Now for the quick-fire round. The narrative was void of emotion and had questionable pacing, the music was questionable in some parts, the graphics was alright, the frame-rate dipped consistently in some places, the loading time is great, the crafting system was fun though too grindy (reminds me of Zestiria's weapon slot hunting mechanic), the level designs were a little too linear and uninteresting and finally, the side quest system was fine. I think that was everything.
To conclude this commentary, I just want to say any type of game will work, if they actually do what they set out to do.  As long as the game does what it does well, I'd enjoy it. Especially because with the JRPG genre, there are some pretty niche titles.
Star Ocean V could have been great. The combat system would have been great with better enemy designs and a more satisfying role system. Maybe tweak that skill limitation system too. The PA system needs work. I'd rather long extended scenes with each character to get their backstory (think how Persona does this) than multiple tiny ones which don't mean much. Seamless transition of cut-scenes should be removed and burned.
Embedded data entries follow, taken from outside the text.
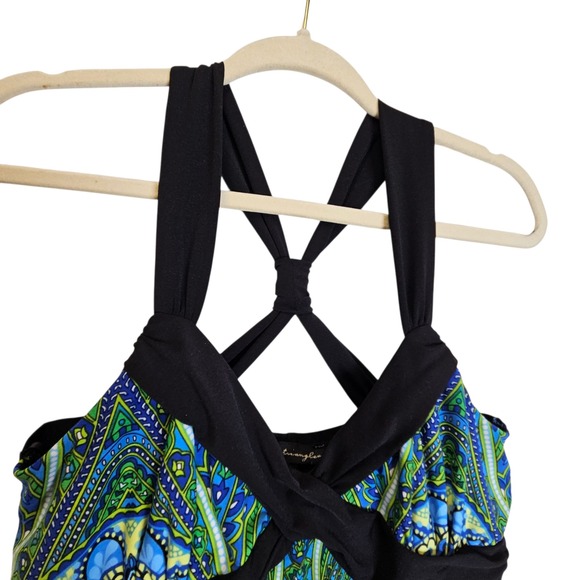 City Triangles Black Blue Green Paisley Sleeveless Maxi‎ Y2K Babydoll Dress M - Picture 5 of 10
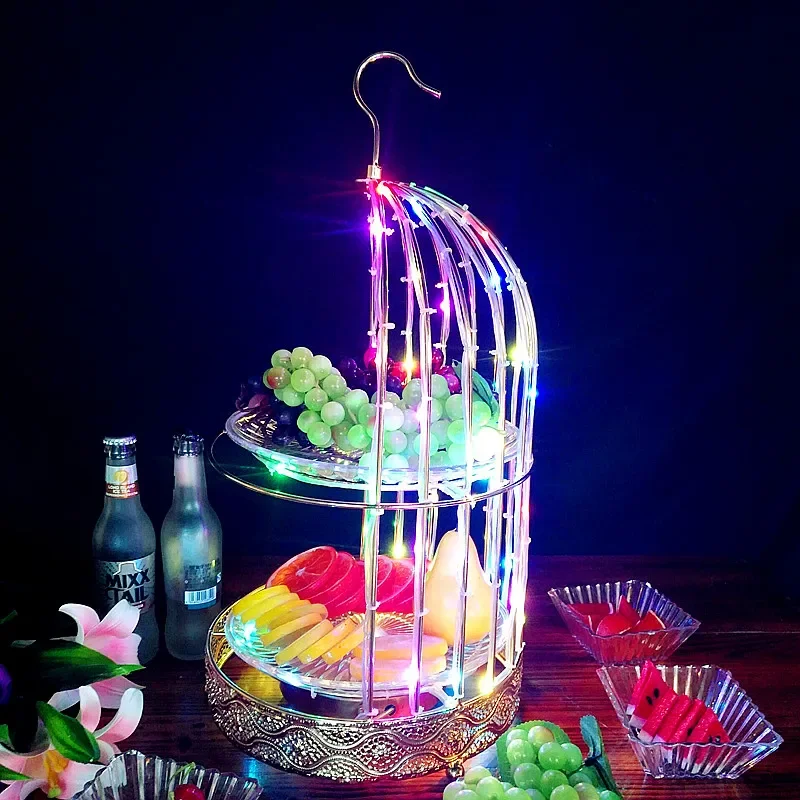 Светящаяся подставка для фруктов снэков креативная бара клетка миска ночная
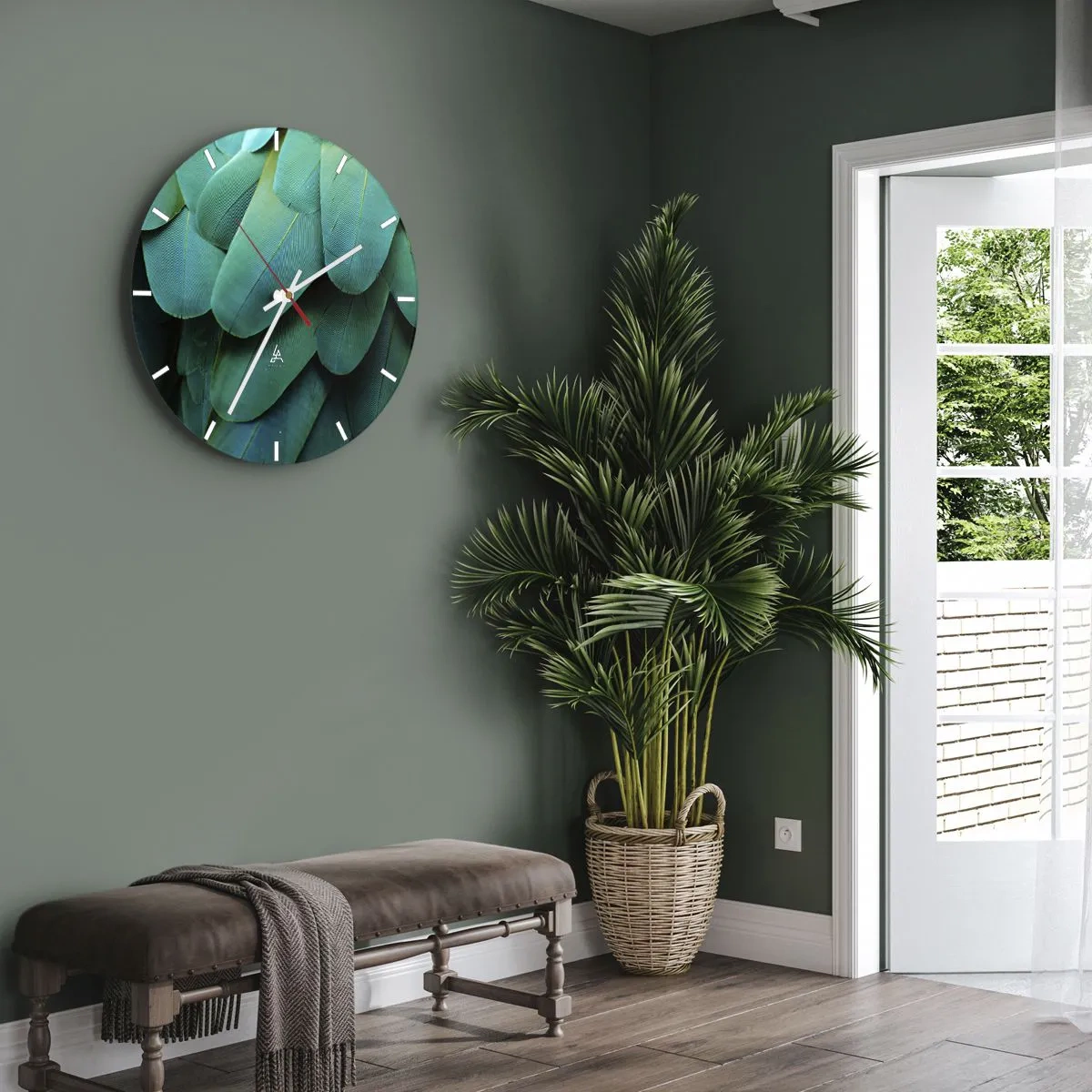 Väggklocka - Klocka på glas - Precision av papegojans natur - 40x40 cm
Never do that UNLESS the scenes are short and sparse, do not occur before battles and when I do control my character, at least let me work towards something (like walking to a destination). Also note that field conversations does not equal to what I'm talking about. Field conversations are great.

I can go on and on about how to improve this game but hey, to each their own. I'm just disappointed at how they handled a franchise that was supposedly great. If the next game in the franchise looks great, I'd damn well try it again.